9. A logistics data management system for multi-party data collaboration according to claim 8, characterized in that: The automatic matching of the allowable loss threshold adopts a rule engine coupling strategy: The basic rule layer loads a preset threshold template based on the cargo classification code, while the dynamic rule layer selects a judgment mode based on the combination of caliber labels. The theoretical caliber applies the full-process loss threshold to the nominal caliber, while the vehicle-mounted caliber applies the section loss threshold to the nominal caliber. When a time-series tomography marker is detected, the threshold boundary is dynamically expanded according to the marker level. The expansion range is positively correlated with the compensation signal strength. At the same time, the equipment accuracy hierarchical chain data is called to calculate the additional equipment reliability attenuation coefficient for the thresholds involving the secondary nodes.
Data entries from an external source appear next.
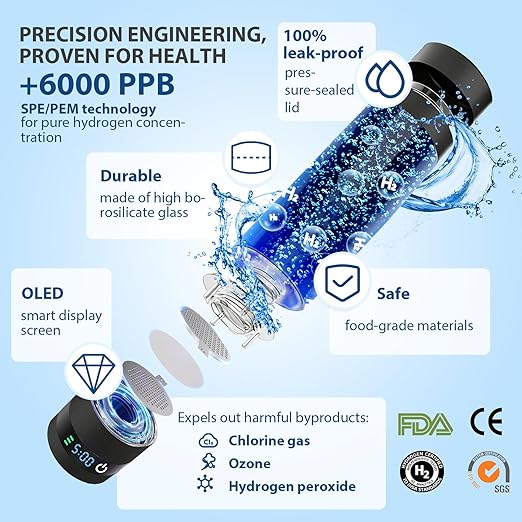 Hydrogen Water Bottle Generator – Portable Hydrogen Water Machine, Up to 6000 PPB | SPE/PEM Certified H₂ Tech | Hydrogen-Rich Water for Energy & Hydration | Healthy Gift for Family & Friends (Silver)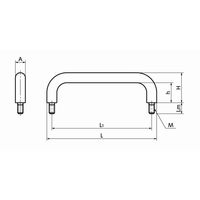 エスコ M5x11mm/100mm 雄ねじ取手(ステンレス製) EA948BJ-2 1セット(3個)（直送品）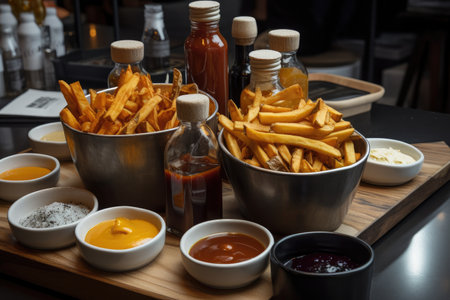 variety of fries and sauces, including sweet potato and truffle oil, created with generative aiの素材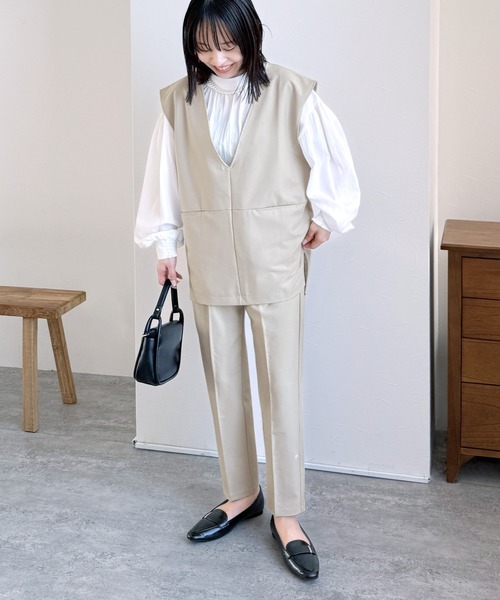 セール】Vネックベスト×テーパードパンツ2点セット（スーツセット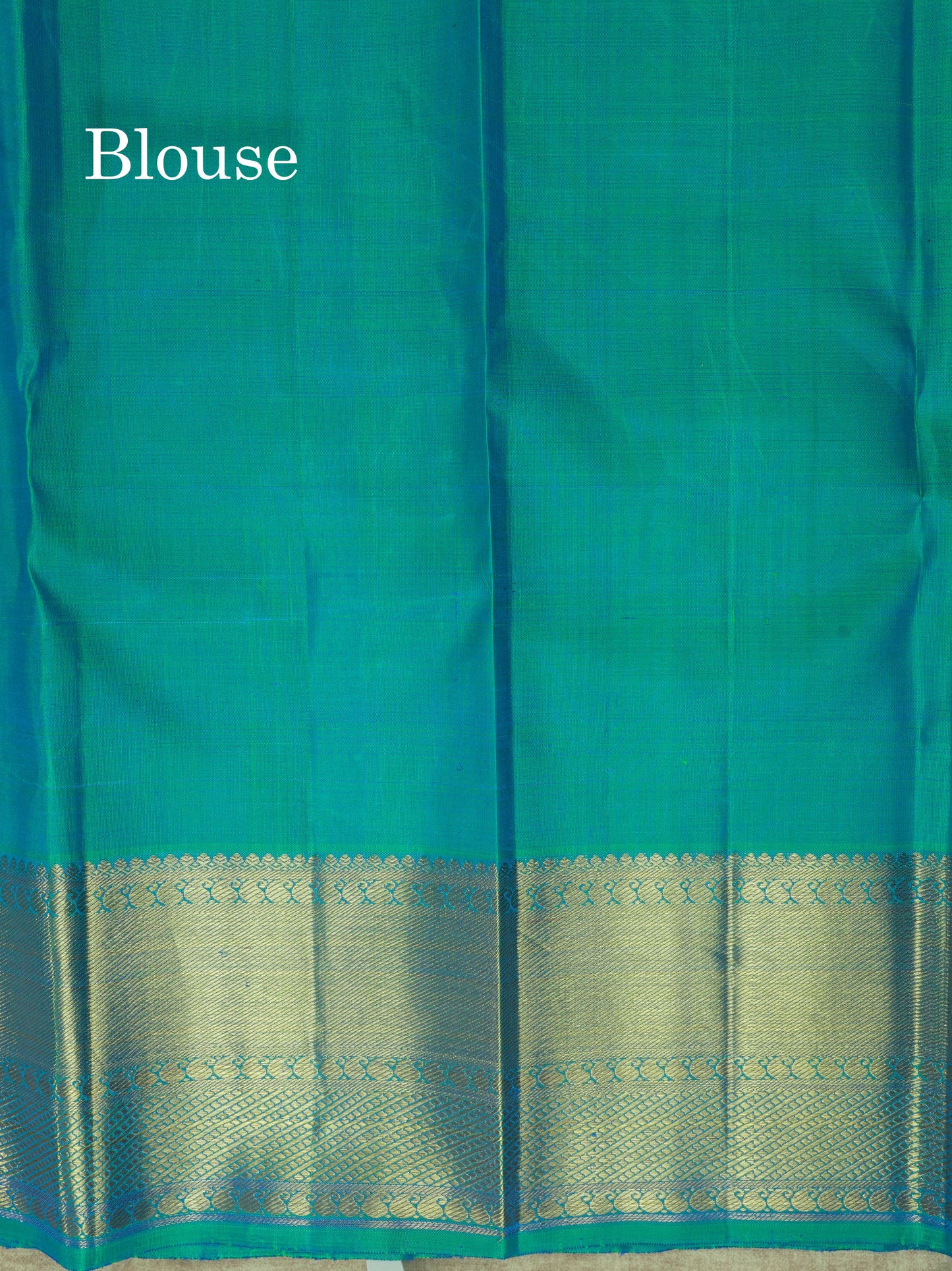 Dual Tone Peacock Blue Pure Kanjivaram Silk Saree Pure Zari (3G) with Traditional Gold Zari Border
10. A logistics data management system for multi-party data collaboration according to claim 9, characterized in that: The data credibility weighted calculation performs three-dimensional factor fusion: The time dimension factor generates a time decay coefficient based on the time series tomography marker level. The equipment dimension factor assigns a baseline weight according to the equipment hierarchy chain. The environmental dimension factor extracts abnormal parameters of the on-board sensors to generate an environmental interference index. The on-board data is used as the main input stream, and the re-evaluation data is used as the verification stream. The decision weight of the main input stream is dynamically adjusted through the three-dimensional factors. When the threshold expansion mechanism is activated, the decision priority of the environmental dimension factor is automatically reduced, and the compensated re-evaluation data is used as the final attribution benchmark.